Запинка перед "люблю" вышла короткая, даже не запинка, а так, заусеница, но Галка чуть не выкрикнула: "Неправда!".
Короткие гудки зазвенели в ухе.
— Потрясены, — прошептала Галка.
Значит, что-то было. А-ля Сердюк вчера днем. А-ля Лариса Дмитриевна вчера вечером. И Волга. И Шен Де. Самое обидное, что у нее от репетиции в театре остался лишь крохотный отголосочек, моментальный снимок, рассыпающийся в памяти: циновка, мешки с табаком, ползающий по полу китайчонок.
А все "по-тря-се-ны".
Как-то не правильно, что главный исполнитель не может ни поддакнуть, ни похвалиться. Все неправильно. Так, наверное, муха рассуждает, влипшая в размотанную ленту-ловушку.

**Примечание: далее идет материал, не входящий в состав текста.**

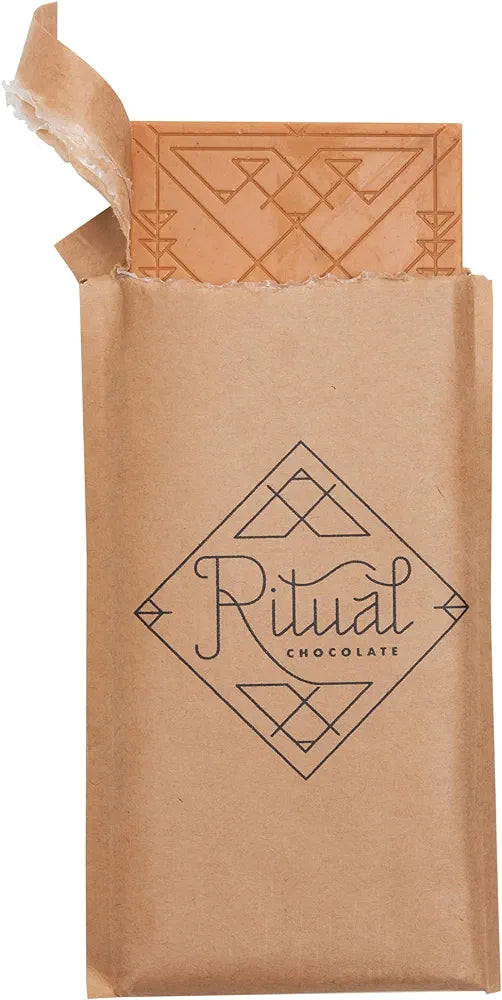 Ritual Chocolate - Desert Sands Bar Chocolate, 70% Cacao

— Ну, что? — услышала Галка и обернулась. Прынцик, наклонившись, заглядывал в комнату. — Чай здесь или на кухне?
— На кухне.
— Тогда — пр-р-рошу!
Он выдал раскатистую эр и приправил ее жестом. То ли клоун, приглашающий в вертеп, то ли официант, зовущий на дегустацию.
Противно.
— Спасибо, — Галка вяло кивнула.
В душе было пусто. Вокруг было пусто. Пыльно. Серо. Муторно. И где-то над головой медленно сжималась тьма, объедая солнце.

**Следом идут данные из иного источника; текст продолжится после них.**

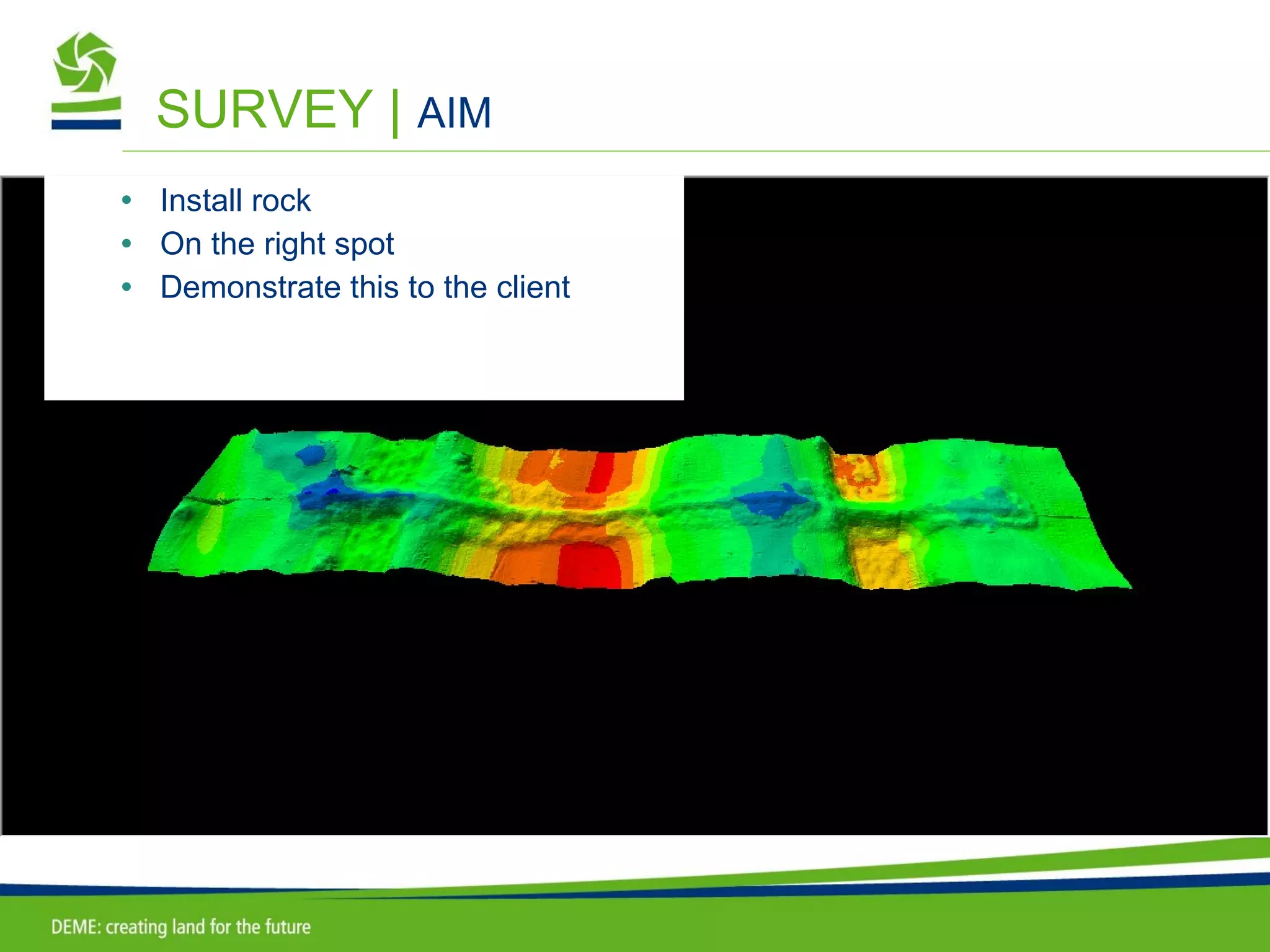 Positioning challenges on fallpipe vessels | PPT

— Что-то не так? — спросил Саша, пропустив ее вперед.
— А что-то так?
Нити занавески пропели свое дин-дон. Галка наощупь нашла стул и села. На белой с красным узором клеенчатой скатерти, подвинутая к краю, стояла пузатая фарфоровая чашка с отвратительными колокольчиками на стенках. Пальцы механически сомкнулись на тонкой дужке.

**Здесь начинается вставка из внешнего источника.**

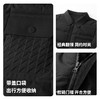 【鹅绒】圣得西个性潮款2025年冬季男士羽绒服翻领轻薄保暖外套 商品缩略图4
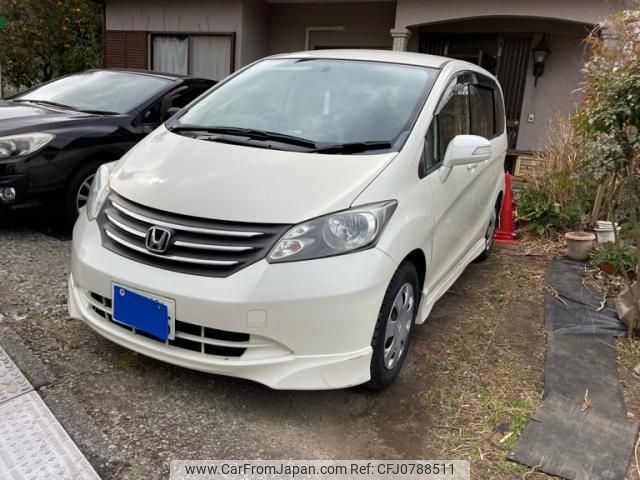 honda freed 2009 -HONDA--Freed DBA-GB3--GB3-1004167---HONDA--Freed DBA-GB3--GB3-1004167- image 1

Пить или не пить? Вот в чем вопрос. Кто Моцарт, кто Сальери, донна Анна? Мавр сделал дело, можно уходить. На цыпочках, чтоб прах не потревожить Горацио, которого я знал. Да, славный Йорик, жуткая утрата, и не с кем стало вздрогнуть по душам, неведомое вновь стучится в двери, души, Отелло, странный сей порыв…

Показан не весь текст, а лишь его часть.